Makgadikgadi is one of the largest salt flats in the world, situated in the middle of the dry savanna of north-eastern Botswana, surrounded by the Kalahari desert. This vast complex of salt pans with sandy desert in between spreads over 30,000 square kilometers. The largest lakes of the complex are lake Sowa and lake Nwetwe. Part of Makgadikgadi is reserved for the national park by the same name.
Makgadikgadi is, in fact, the remains of an ancient 30 meter deep lake, which used to cover an area of 200,000 square kilometers approximately 7-1,5 million years ago. 60,000 years ago, the landscape of the area resembled the modern delta of Okavango river. Back then, Makgadikgadi was covered with swamps, marshes and meadows.
The huge ancient lake was fed by the waters of Zambezi, Okavango and Cuando rivers. About 10,000 years ago, the rivers' flow changed due to tectonic activity, and the lake started drying up. Nowadays, the water enters Makgadikgadi flats only once every few years, from Okavango marshes and via the shallow river Botletle. Therefore, the desertification of the area progresses at a fast pace. In the dry season, Makgadikgadi is an inhospitable salty cracked desert, whose only life is a thin layer of blue-green algae and baobabs serving as local landmarks for explorers.

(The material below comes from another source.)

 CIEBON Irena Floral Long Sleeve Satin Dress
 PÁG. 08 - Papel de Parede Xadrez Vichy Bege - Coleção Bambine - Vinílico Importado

During the rainy season, which starts in November and ends in April, the dead and cracked surface of the salt pans transforms into a beautiful green valley. Botletle fills up with water and serves as a refuge to a great many waterfowl, especially flamingoes - so much so, that the area seems pink from afar. If you are lucky, you may catch a moment when all of the flamingoes take off at once. Besides flamingoes, there are many other birds, including several species of grouse and skylarks. The reserve also holds eagles, vultures, ostriches and bustards.
Makgadikgadi is home to many animals, and there are many fossilized bones of the ancient fauna as well. The animals that live in the area can only be seen at night – in the daytime they hide from the scorching sun. If you carry around a lantern, you can encounter mongoose, porcupines, various species of antelope, jackals and brown hyenas. Besides that, the pans are located on the seasonal migration route of thousands of zebras and wildebeest, followed by predators.

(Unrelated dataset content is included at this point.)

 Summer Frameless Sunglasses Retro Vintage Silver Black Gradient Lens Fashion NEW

Excavations of the area indicated that Makgadikgadi was populated by ancient people about 200,000 years ago. This is evidenced by stone axes discovered by archaeologists.
The way to the National Park Makgadikgadi goes through Maun, where you can get by international or domestic flights, then to the village of Gweta, and then 8 kilometers more to Makgadikgadi. Visitors can stay in the huts among the mighty baobabs.